# B.544 Hymer Electrics



## MickR (Mar 15, 2009)

Hi there anyone out there who knows about Hymer B544(1998)electrics,my vehicle battery has stopped charging from the external power.Does anyone have schematic or wiring diagrams for this model ?Fuses all seem to be okay and the leisure battery is still being charged.Any help would be appreciated.We are on a rally in Spain at the moment,and have no access to English Dealers.


----------



## pieterv (Feb 3, 2009)

Does it have a Schaudt Elektroblock, and if so, what type?


----------



## nickkdx (May 26, 2009)

Hi,if you look in resources section-usefull downloads, you will find english versions of Electroblock details. This maybe of use to you.


----------



## nickkdx (May 26, 2009)

Hi,if you look in resources section-usefull downloads, you will find english versions of Electroblock details. This maybe of use to you.


----------



## clive1821 (Mar 27, 2010)

Well I'll have a punt at this one.... first do you see the mains indicator showing, on the meter panel?
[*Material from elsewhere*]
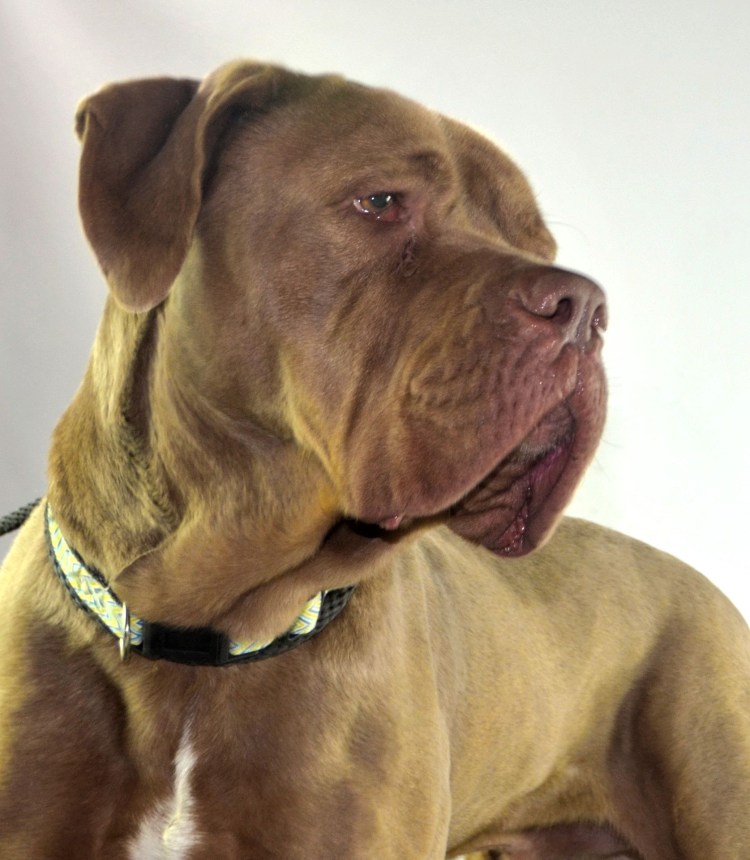 Питбуль мастиф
I assume so as the leisure batteries are charging, the main battery is only float charged at about 2.0 amps max, the charge is derived from the main psu (power supply unit) with in the el99 box, its worth checking all the plugs are in correctly, as a matter of interest how do you know your main battery is not charging and you might have a battery fault or there is something been left on that you have over looked and the main battery is discharging more that the charge from the el99 if I can be any more help please contact me...


----------